Start of Block

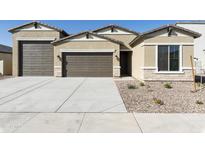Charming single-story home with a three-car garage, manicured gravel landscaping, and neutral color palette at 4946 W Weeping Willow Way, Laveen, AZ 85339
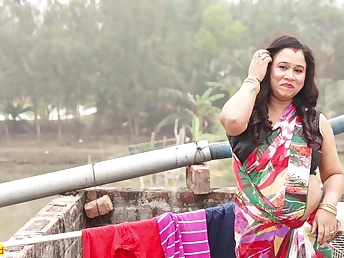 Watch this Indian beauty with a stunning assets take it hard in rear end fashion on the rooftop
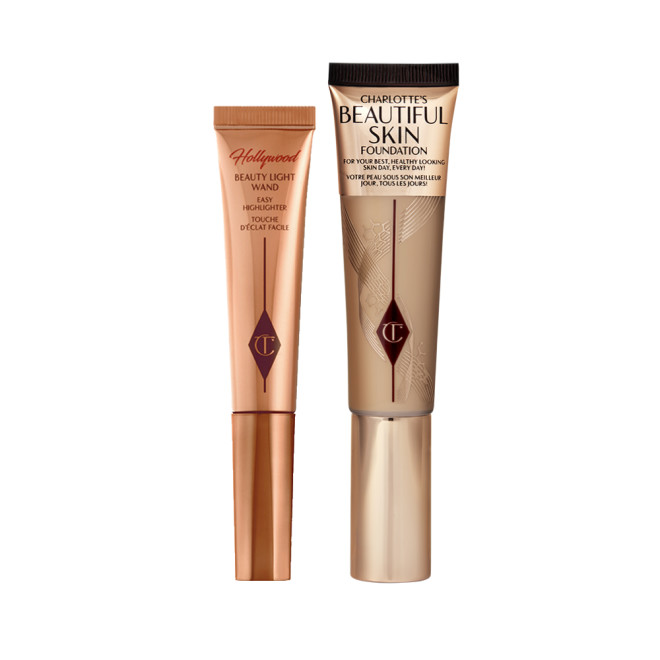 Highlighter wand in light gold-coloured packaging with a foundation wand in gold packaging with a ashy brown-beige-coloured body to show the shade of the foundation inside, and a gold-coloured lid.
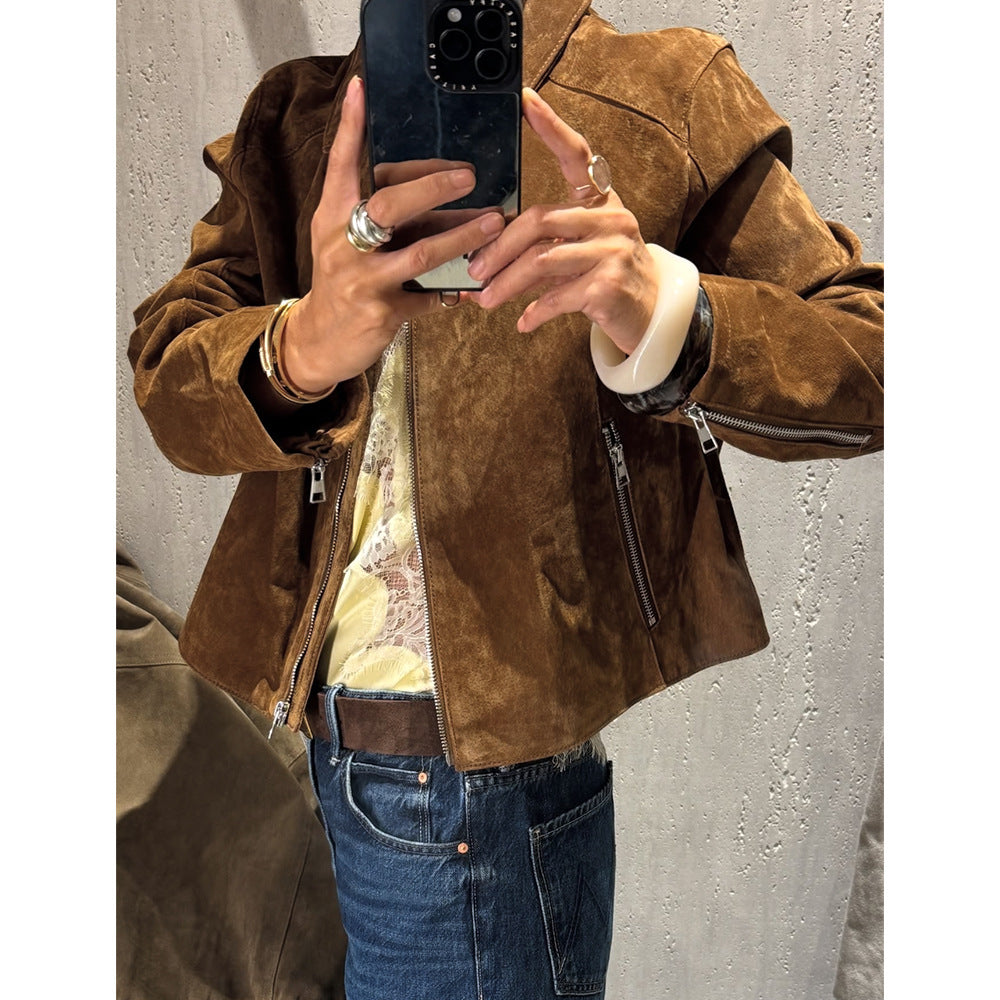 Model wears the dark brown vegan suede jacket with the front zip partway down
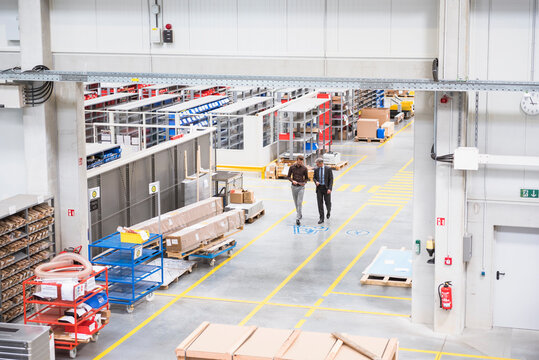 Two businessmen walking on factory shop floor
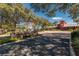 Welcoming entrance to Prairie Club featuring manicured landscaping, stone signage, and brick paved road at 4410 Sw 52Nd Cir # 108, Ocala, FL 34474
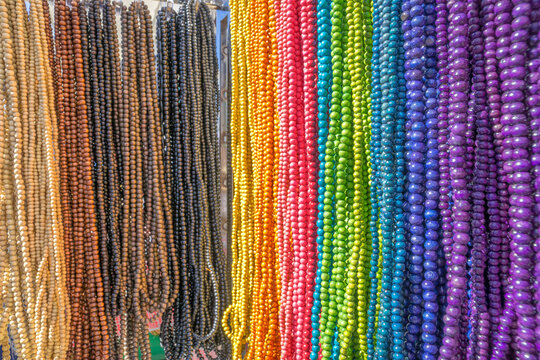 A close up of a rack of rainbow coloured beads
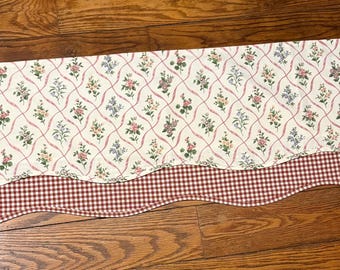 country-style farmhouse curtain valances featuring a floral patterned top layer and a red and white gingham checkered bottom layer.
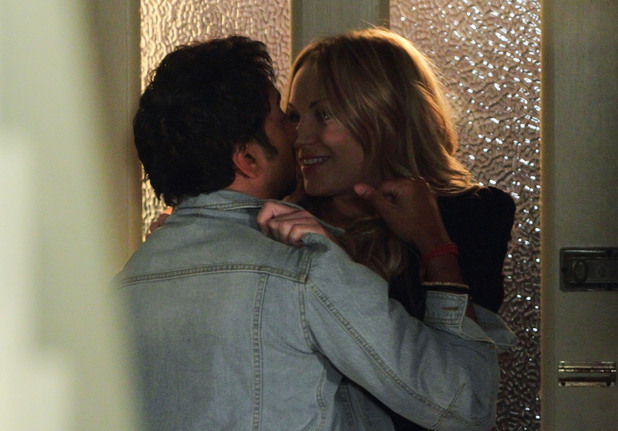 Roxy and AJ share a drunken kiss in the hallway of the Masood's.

End of Block
Start of Block

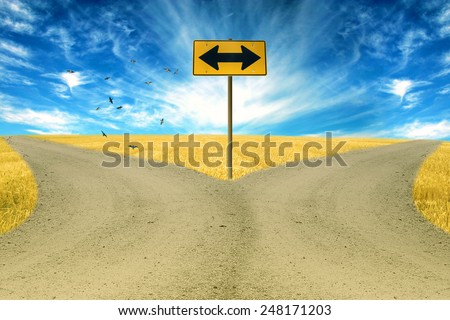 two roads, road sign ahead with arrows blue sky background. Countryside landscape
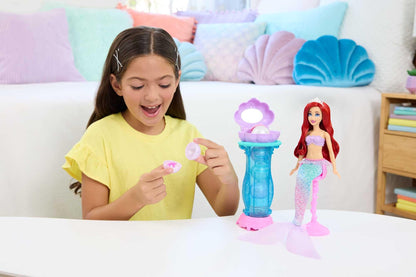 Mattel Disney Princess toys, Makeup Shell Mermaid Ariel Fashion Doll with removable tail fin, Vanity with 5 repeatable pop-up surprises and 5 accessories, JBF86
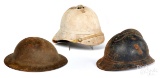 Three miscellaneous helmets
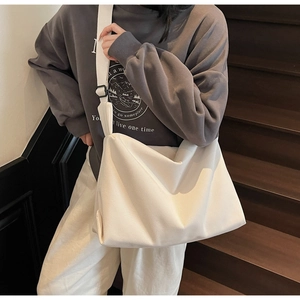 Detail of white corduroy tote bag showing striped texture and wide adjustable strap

End of Block
Start of Block

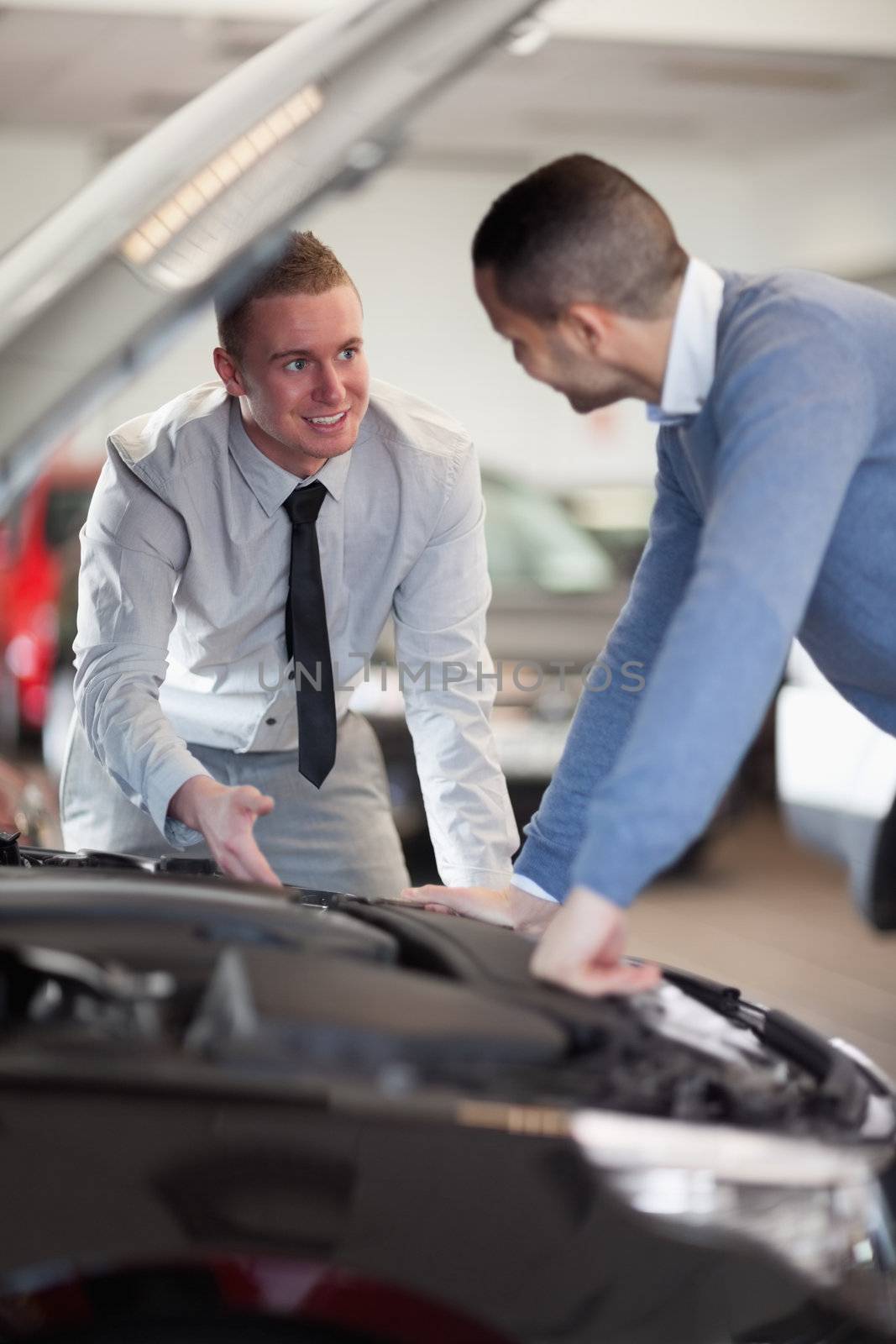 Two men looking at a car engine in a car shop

End of Block

DIRECTIONS: While skipping the pictures, transcribe the data above from the line showing "country-style farmhouse curtain" through the line showing "Roxy and AJ", exactly and with both ends.

RESULT FOR THIS EXERCISE:
 country-style farmhouse curtain valances featuring a floral patterned top layer and a red and white gingham checkered bottom layer.
 Roxy and AJ share a drunken kiss in the hallway of the Masood's.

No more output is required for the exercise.